Mardi 6 juin, l’Association française des critiques de séries (ACS) a décerné le prix 2017 de la meilleure série au Bureau des Légendes de Canal+ et celui du meilleur scénario à Eric Rochant, son créateur, réputé bien renseigné.
Alors que la saison 3 vient de s’ouvrir sur Be TV, que Malotru (Mathieu Kassovitz) y est rentré en scène dans une très mauvaise posture et que la faussement frêle Marina (Sara Giraudeau) cherche à retrouver sa place au sein du Bureau, coup d’oeil dans le rétro sur ce palmarès mérité qui souligne un triple succès en terme de production. Une recette mise au service du jeu réaliste et millimetré de son impressionnante brochette de comédiens principaux: Léa Drucker, Jean-Pierre Darroussin, Jonathan Zaccaï, Florence Loiret-Caille, Gilles Cohen…
1. Une qualité d’écriture hors pair
Il faut dire qu’Eric Rochant, passionné de géopolitique, connaît bien son sujet. Son film « Les patriotes », sorti en 1994 avec Yvan Attal dans le rôle-titre, est encore projeté aujourd’hui aux jeunes recrues par les formateurs de la DGSE (Direction générale de la sécurité extérieure) en guise de mise en bouche.
Une dizaine d’années plus tard bien que les hauts gradés du boulevard Mortier gardent toujours officiellement leurs distances, le rapprochement entre le producteur et ses inspirateurs a permis à la série de coller au plus près de la réalité. Assurant une aura internationale à son Bureau et un joli plan promo à ceux qui chérissent leurs légendes. Puisque la densité des histoires ne manquaient pas, restait à s’assurer que la qualité d’écriture suive en les confiant à une équipe bien rodée et bien encadrée, c’est le fondement de la méthode Rochant qu’applique sa coscénariste Camille de Castelnau.
« C’est parce que j’aimais les séries que j’ai eu envie d’en faire. J’ai eu une fenêtre de tir après Möbius, j’en ai profité.
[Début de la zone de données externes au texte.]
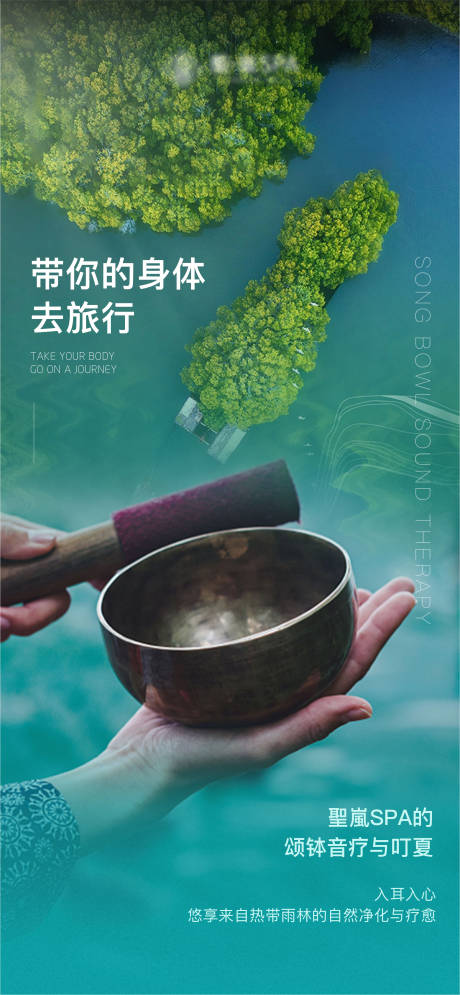 源文件下载【养生自然夏日旅行海报】编号：21720011233505897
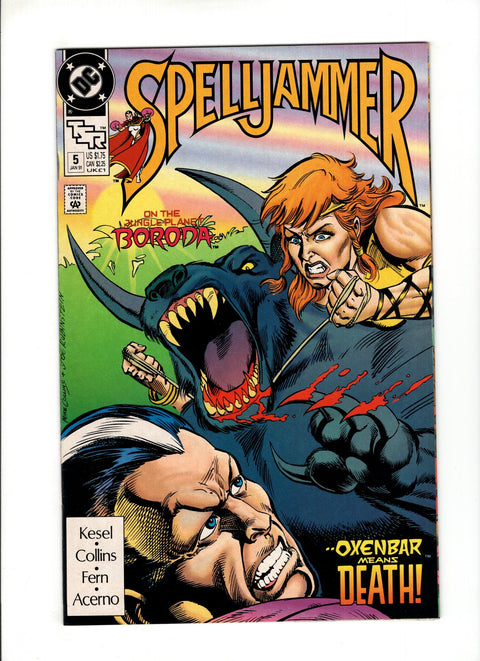 Spelljammer #5A (1990)   DC Comics 1990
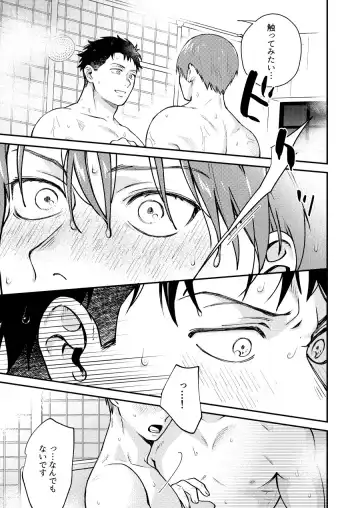 "I will dedicate myself to you, Captain." Fhentai - Page 10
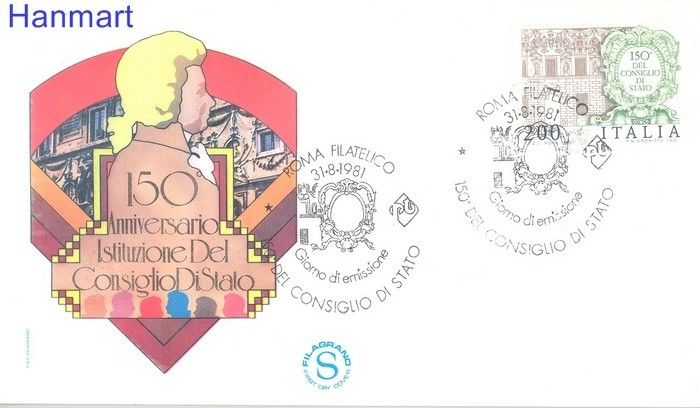 Znaczek Włochy 1981 Mi 1769 FDC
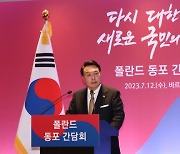 尹 "폴란드 공조해 우크라 지원 및 재건 협력할 것"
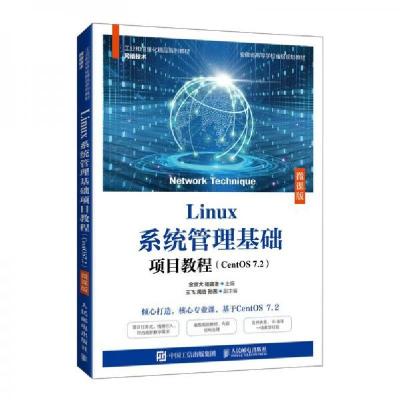 正版新书]Linux系统管理基础项目教程金京犬、杨寅冬 著9787115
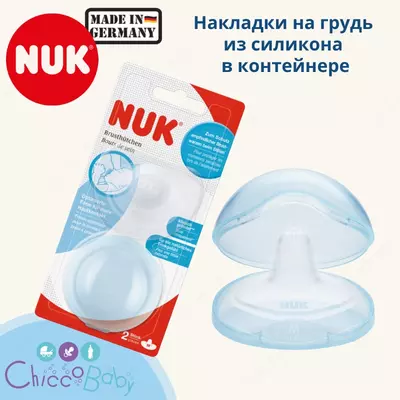 NUK ko'krak yostiqchalari-ona va chaqaloq uchun yoqimli tajriba
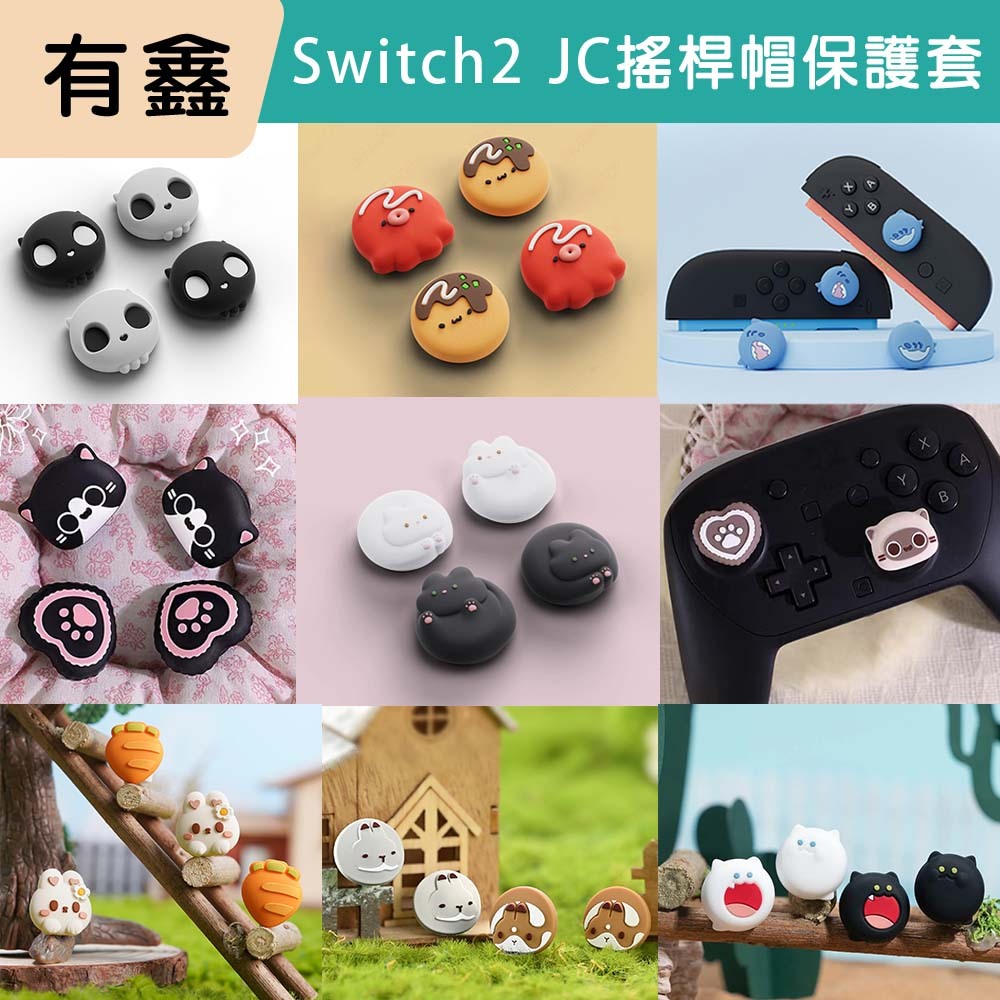 有鑫 Switch2 搖桿帽套 NS2 JC2 PS5 PRO  蘑菇頭 搖桿保護套 良值 極想 搖桿帽 新北現貨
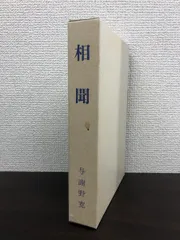 2024年最新】名著復刻 詩歌文学館の人気アイテム - メルカリ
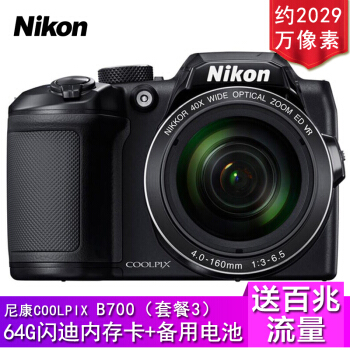 ニコ(NKon)デジタルカールメラスポートカメラCOOL P 700デジタルカーメラット3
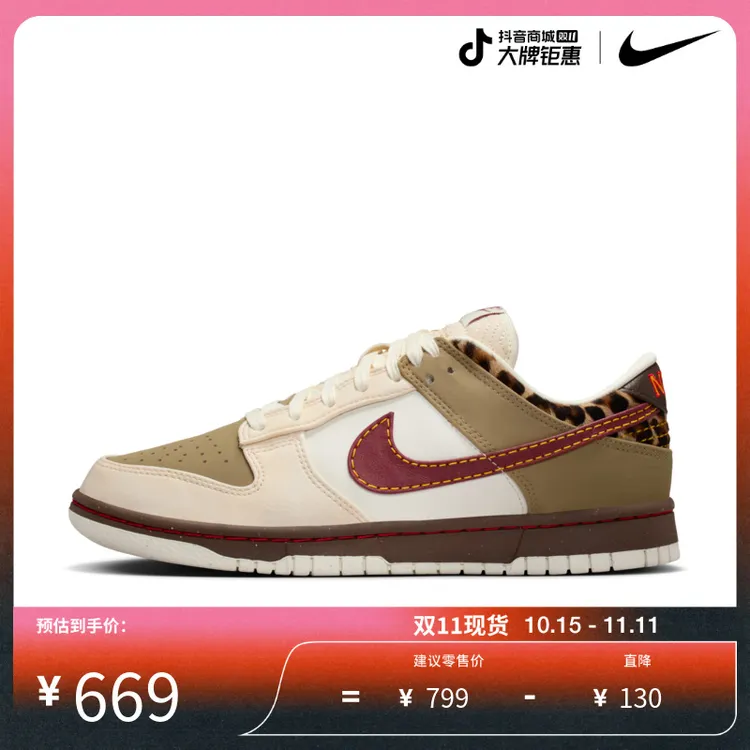 Nike Dunk Low 女子运动鞋IM6687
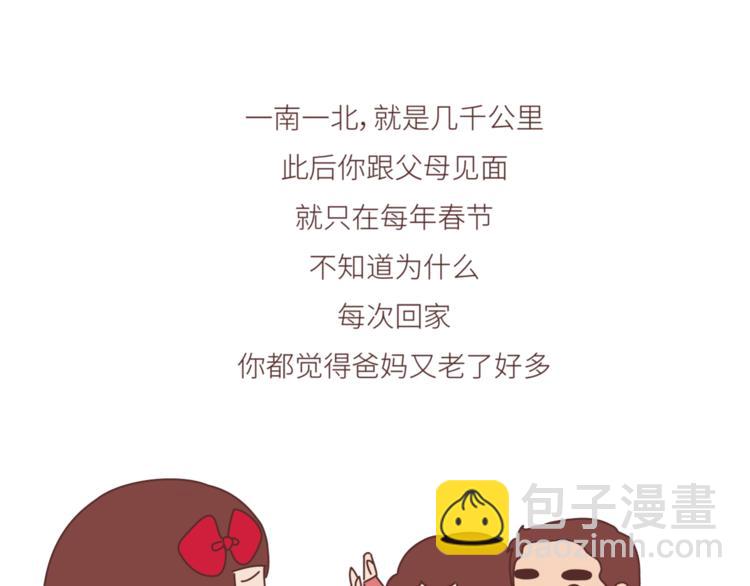 🍟麥拉風-婚後80 第442话 26岁，你远嫁的那天 第22页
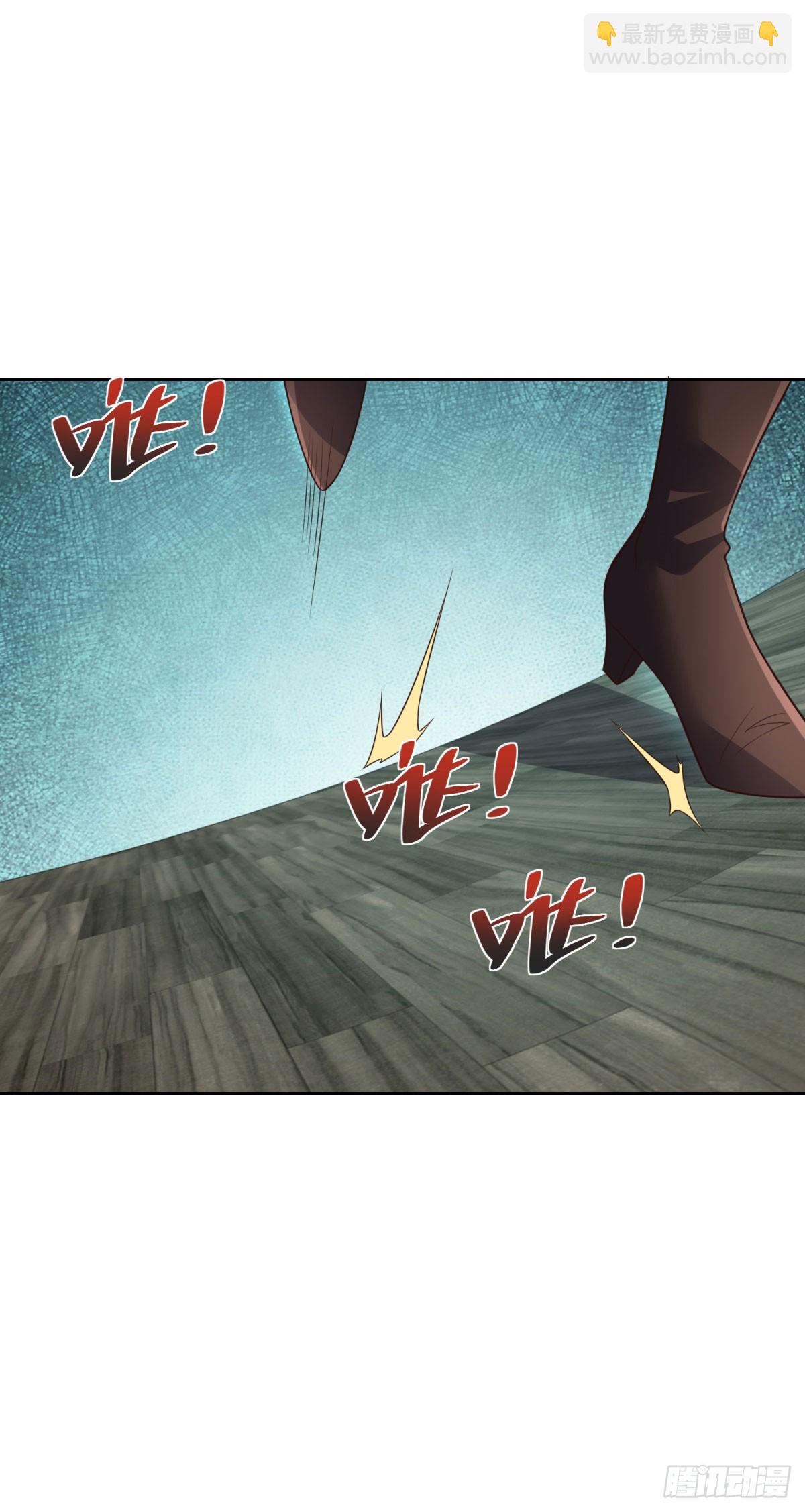 大反派 - 第114話 坑殺神豪 - 4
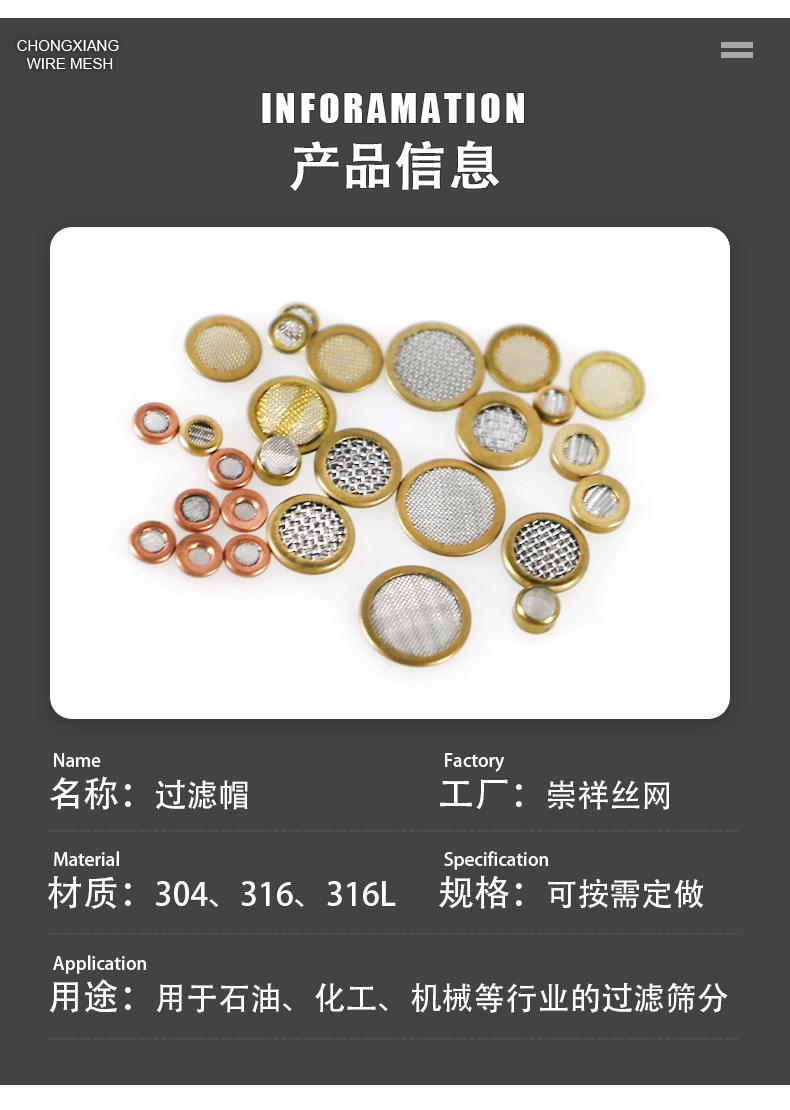 过滤帽_02.jpg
Seule la série permet le travail sur la longueur et la profondeur. On a tout de suite réfléchi sur plusieurs saisons pas seulement sur plusieurs épisodes. C’est passionnant de façonner une histoire qui va créer son propre passé, un univers qu’on peut fouiller de façon méticuleuse et soignée. »
2. Une qualité de réalisation de même niveau
« J’ai réalisé les 1er épisodes du Bureau parce que c’était les plus compliqués : on essuie les plâtres, on expérimente des choix de réalisation et de production. »
Ensuite, il «suffit» de s’assurer que les réalisateurs choisis s’inscriront fidèlement dans vos pas et suivront bien la bible établie. Il faut apprendre à «déléguer» même si, là non plus, Eric Rochant ne laisse rien au hasard. « Il y a une telle créativité éparse qu’il faut quelqu’un qui assure que tout cela reste bien dans le même cadre. D’où la nécessité de tout rassembler en un seul lieu. Pendant qu’une équipe écrit en bas, je peux aller à la salle de montage et puis passer aussi sur les plateaux. » Etre là tout le temps partout, c’est la méthode KZK (les initiales des frères Kessler et de Daniel Zelman, le trio à l’origine des séries Damages et Bloodline) adaptée à la mode Rochant. C’est ce qui a permis l’atout suivant…
3. Une rapidité et une continuité de production inédites en France
« On a pu aller sur le plateau de Damages et travailler avec leur équipe. Nous sommes ensuite revenus et nous avons proposé à Fabrice de la Patellière un lieu où construire les plateaux, la salle de montage, l’atelier d’écriture afin de créer une vraie linéarité artistique et industrielle. »
« J’ai tout copié des Américains, avoue Eric Rochant tout sourire, qui revendique le titre de showrunner. Je suis auteur-producteur, je chapeaute l’écriture et je suis aussi responsable de la façon dont la série se fabrique. »
Et pour éviter les trous d’air entre deux saisons, il a réussi à convaincre Canal+ de lui donner le feu vert pour la saison 2 avant même la fin de tournage de la première… et ainsi de suite au fil des saisons. Une prise de risque qui se révèle payante aujourd’hui.
La facilité avec laquelle Eric Rochant, cinéaste reconnu, s’est glissé dans la peau d’un showrunner à l’américaine force le respect par-delà les frontières. Le succès est tel que la saison 4 est déjà en chantier et que Variety a annoncé qu’un remake US se préparait sur lequel Eric Rochant gardera un droit de regard. Baptisé «The Department», il sera coproduit par Federation Entertainment.